- Native name: Rivière Fraser (French)

Location
- Country: Canada
- Province: Quebec
- Region: Chaudière-Appalaches
- MRC: Montmagny Regional County Municipality

Physical characteristics
- Source: Mountain and forest stream
- • location: Saint-Paul-de-Montminy
- • coordinates: 46°43′58″N 70°17′26″W﻿ / ﻿46.732774°N 70.290532°W
- • elevation: 643 metres (2,110 ft)
- Mouth: Alick River
- • location: Saint-Paul-de-Montminy
- • coordinates: 46°47′01″N 70°22′45″W﻿ / ﻿46.78361°N 70.37917°W
- • elevation: 382 metres (1,253 ft)
- Length: 13.6 kilometres (8.5 mi)

Basin features
- Progression: Rivière du Sud (Montmagny), St. Lawrence River
- • left: (upstream)
- • right: (upstream) Cours d'eau Blais

= Fraser River (rivière du Sud tributary) =

River in Chaudière-Appalaches, Quebec (Canada)

The Fraser River (in French: rivière Fraser) crosses the municipality of Saint-Paul-de-Montminy, in the Montmagny Regional County Municipality, in the administrative region of Chaudière-Appalaches, in Quebec, in Canada.

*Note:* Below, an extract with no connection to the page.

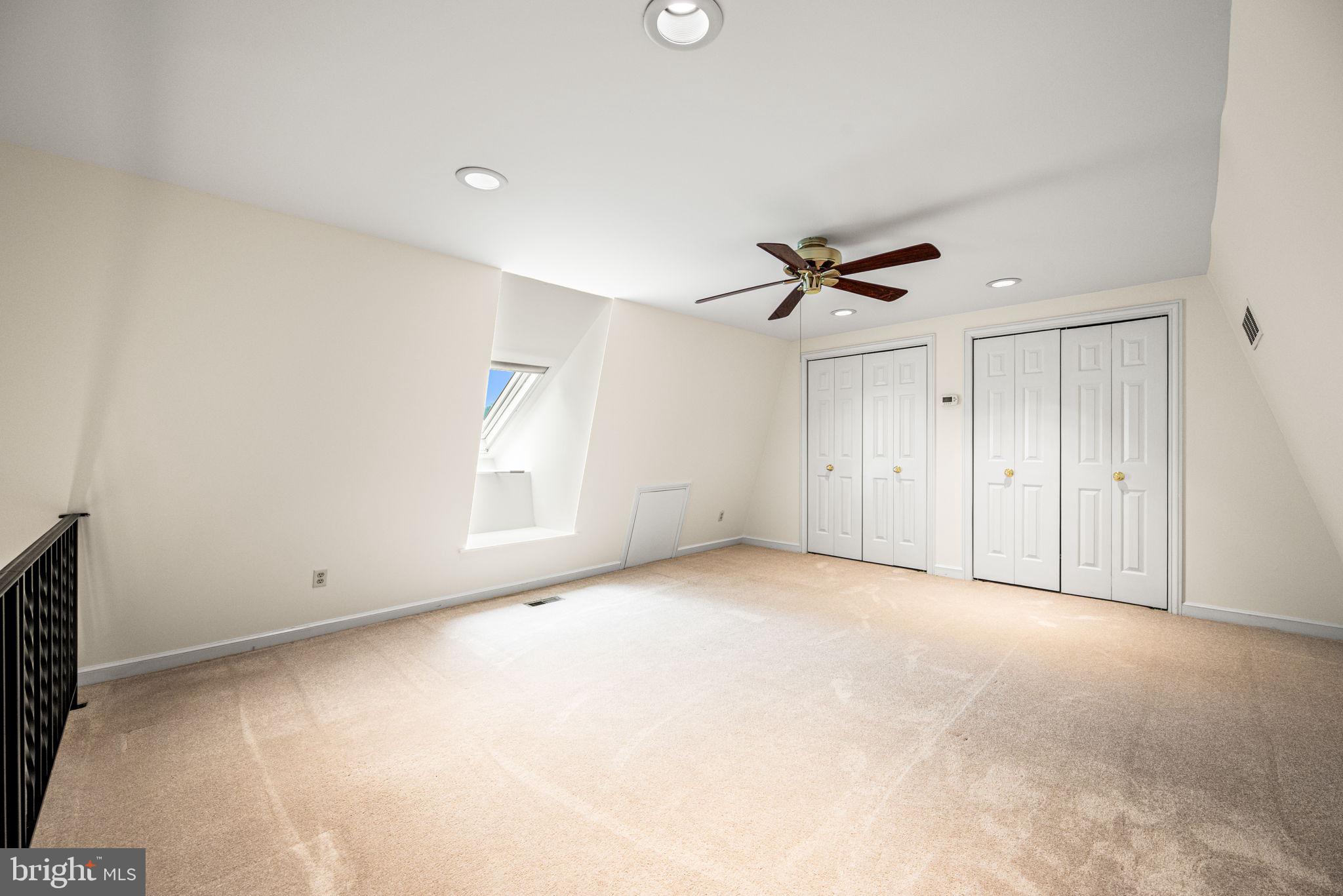 OAK KNOLL - Residential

The confluence of the Moulin river constitutes the source of the Alick River which flows on the south bank of the rivière du Sud (Montmagny); the latter first flows southwest, then northeast to the south shore of the St. Lawrence River.

== Geography ==
The main neighboring watersheds of the Moulin river are ː
- north side: Alick River, Dominique stream;
- east side: rivière des Cèdres, Noire North-West River;
- south side: Gabriel River;
- west side: rivière du Pin.

The river of the Moulin takes its source from a small lake on the northern slope of a mountain of Notre Dame Mountains, in the fifth rang, north of the village of Saint-Paul-de-Montminy. This source is located on the east side of route 283 and 6.0 km east of the center of the village of Saint-Paul-de-Montminy.

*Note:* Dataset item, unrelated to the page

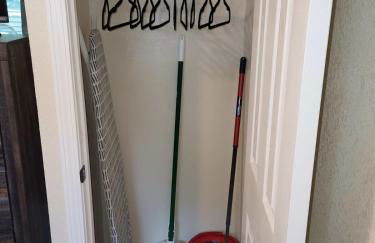 Charming 1BR Efficiency Apt Near TTU & Downtown - Foto 16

From its source, the Moulin river "flows over 13.6 km according to the following segments:
- 2.8 km north, then west, to the fifth rang road;
- 3.0 km west, to Highway 283 South;
- 2.8 km north-west, crossing route 216 and along 2e rang road (on the west side), to the path of third rang;
- 2.6 km north-west, up to the first rang road;
- 2.4 km, up to its confluence which also constitutes the confluence of the Dominique stream. These two confluences form the source of the Alick River.

The confluence of the Moulin River "is located almost at the limit of the municipalities of Notre-Dame-du-Rosaire and Saint-Paul-de-Montminy. This confluence is located at 7.3 km south of the center of the village of Notre-Dame-du-Rosaire, at 5.3 km east of the village of Sainte-Euphémie-sur-Rivière-du-Sud and 7.1 km north of the center of the village of Saint-Paul-de-Montminy.

== Toponymy ==
The toponym Rivière du Moulin was made official on December 5, 1968, at the Commission de toponymie du Québec.